The outcomes of the analysis show that reduced specific power has a higher impact in both the system and the electricity market compared to increased hub height. Deploying lower specific power in new installations shows a decrease in total system costs and other system advantages, such as reduced curtailment, lower fossil fuel production and less steep residual load duration curve. As for the market value, large differences across specific power technologies are resulting from the simulations. The adoption of turbines with a specific power of 400 W/m2 results in a market value of onshore wind dramatically lower than the average market price. In opposition, the reduction of specific power from 400 to 200 W/m2 shows an increase in the market value of 30% in Germany for the year 2030, with an onshore penetration level of 31%. This figure is higher when compared to previous works considering a green-field optimum system and robust across large variations in fossil fuel and CO2 prices. The site specific trade-off between increased levelized cost of electricity on one side and higher value on the other remains to be assessed.

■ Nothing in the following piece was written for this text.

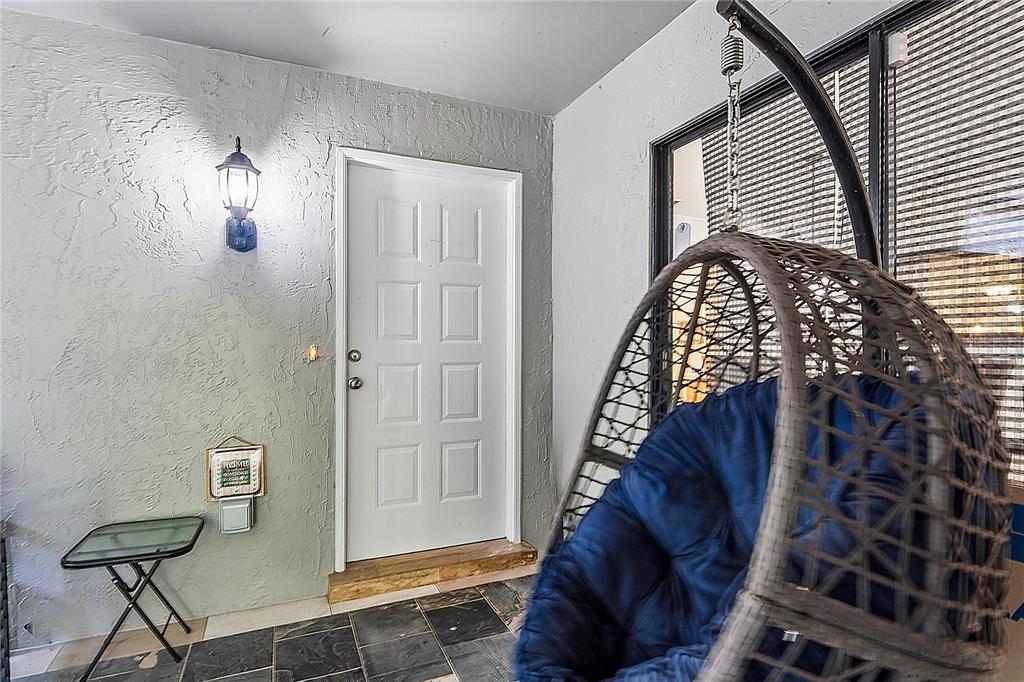 A covered patio features a white door, a hanging wicker chair, and slate tile flooring — 12742 WOOD TRAIL BLVD BOULEVARD, TAMPA, FL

The result of studies like the present one can provide policy-makers valuable information in order to design effective support schemes to drive the deployment of system-friendly wind technologies. At the same time, it could make project developers become more aware of the risks related to eventual collapse in the wind market value. Opting for economic design criteria when investing in wind power and shifting from a cost to a value perspective can have positive impacts for both private stakeholders and society as a whole.